The overall rate of positive cases per tests had dipped to 19.8% this week from 21.9% last week, federal health officials said in a briefing, but warned that cautiousness must continue, Reuters reported.
Photo: Reuters
Randeep Guleria, director of AIIMS Hospital in Delhi warned that secondary infections like mucormycosis or "black fungus" were adding to India's mortality rate with states having reported more than 500 cases recently in COVID-19 patients with diabetes.
Earlier in the day, Prime Minister Narendra Modi told officials to focus on distributing resources including oxygen supplies in the hard-hit rural areas, according to a government statement.
He also called for more testing in India's vast countryside, which is witnessing a rapid spread of the virus, it added.
In the past 24 hours, India added 326,098 new infections, taking its tally to 24.37 million, with 3,890 deaths, for a toll of 266,207, health ministry data shows. But the slow growth may also reflect test rates that are at their lowest since May 9.
In Geneva, the World Health Organization's chief said India was a huge concern, with the second year of the pandemic set to be more deadly than the first.
Tedros Adhanom Ghebreyesus spoke to an online meeting after Modi sounded the alarm on Friday over COVID-19's rapid spread through the countryside.
Four thousand WHO-supported oxygen concentrators arrived in Delhi on Saturday and will be rushed to states over the next 2-3 days to support the COVID-19 response, Tedros tweeted.
During the past week, the south Asian nation has added about 1.7 million new cases and more than 20,000 deaths in a second wave of infections that has overwhelmed hospitals and medical staff.

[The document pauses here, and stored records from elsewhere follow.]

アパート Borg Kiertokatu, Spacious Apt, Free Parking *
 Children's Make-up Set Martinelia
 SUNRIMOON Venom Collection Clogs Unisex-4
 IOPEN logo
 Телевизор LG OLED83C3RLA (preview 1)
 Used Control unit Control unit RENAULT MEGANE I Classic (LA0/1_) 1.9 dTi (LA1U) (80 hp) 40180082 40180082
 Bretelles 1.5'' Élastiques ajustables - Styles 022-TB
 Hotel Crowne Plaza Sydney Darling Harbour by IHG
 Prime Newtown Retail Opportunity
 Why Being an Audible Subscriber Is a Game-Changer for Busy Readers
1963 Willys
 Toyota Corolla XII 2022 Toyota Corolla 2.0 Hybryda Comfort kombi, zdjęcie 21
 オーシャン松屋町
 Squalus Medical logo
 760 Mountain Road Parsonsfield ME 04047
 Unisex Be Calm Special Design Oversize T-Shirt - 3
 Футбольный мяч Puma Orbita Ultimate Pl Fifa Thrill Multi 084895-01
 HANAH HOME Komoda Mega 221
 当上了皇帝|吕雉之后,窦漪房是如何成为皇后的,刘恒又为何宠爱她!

India promises more vaccines
The number of deaths from COVID-19 in the past 24 hours in India has risen more than 4,000 for the fourth time in a week, with Sunday’s 311,170 new infections representing the lowest single-day rise in more than three weeks.
Family members of Vijay Raju, who died due to the coronavirus disease, mourn before his cremation at a crematorium ground in Giddenahalli village on the outskirts of Bengaluru, India, May 13, 2021. REUTERS/Samuel Rajkumar/File Photo
Federal health officials warned against any complacency over a “plateauing” in the rise of infections, however, and urged states to add intensive care units and strengthen their medical workforces.
The northern states of Delhi and Haryana extended lockdowns, slated to end on Monday, by a week.
Delhi’s Chief Minister Arvind Kejriwal said the rate of positive cases compared with overall tests carried out had come down to 10% from as high as 30% earlier this month.
“The gains we have made over the past week, we don’t want to lose them. So we are going to extend the lockdown for another week,” Kejriwal told reporters.
The southern state of Kerala, which has previously announced a lockdown extension, also introduced stricter restrictions in some districts on Saturday. It warned that people not wearing masks where required or violating quarantine protocols faced being arrested, with drones used to help identify violators.
The government said it would send an additional 5.1 million doses of COVID-19 vaccines to states over the next three days.
Even though India is the world’s largest vaccine-producing nation, only 141.6 million people have received at least one vaccine dose, or roughly 10% of its population of 1.35 billion, according to health ministry data.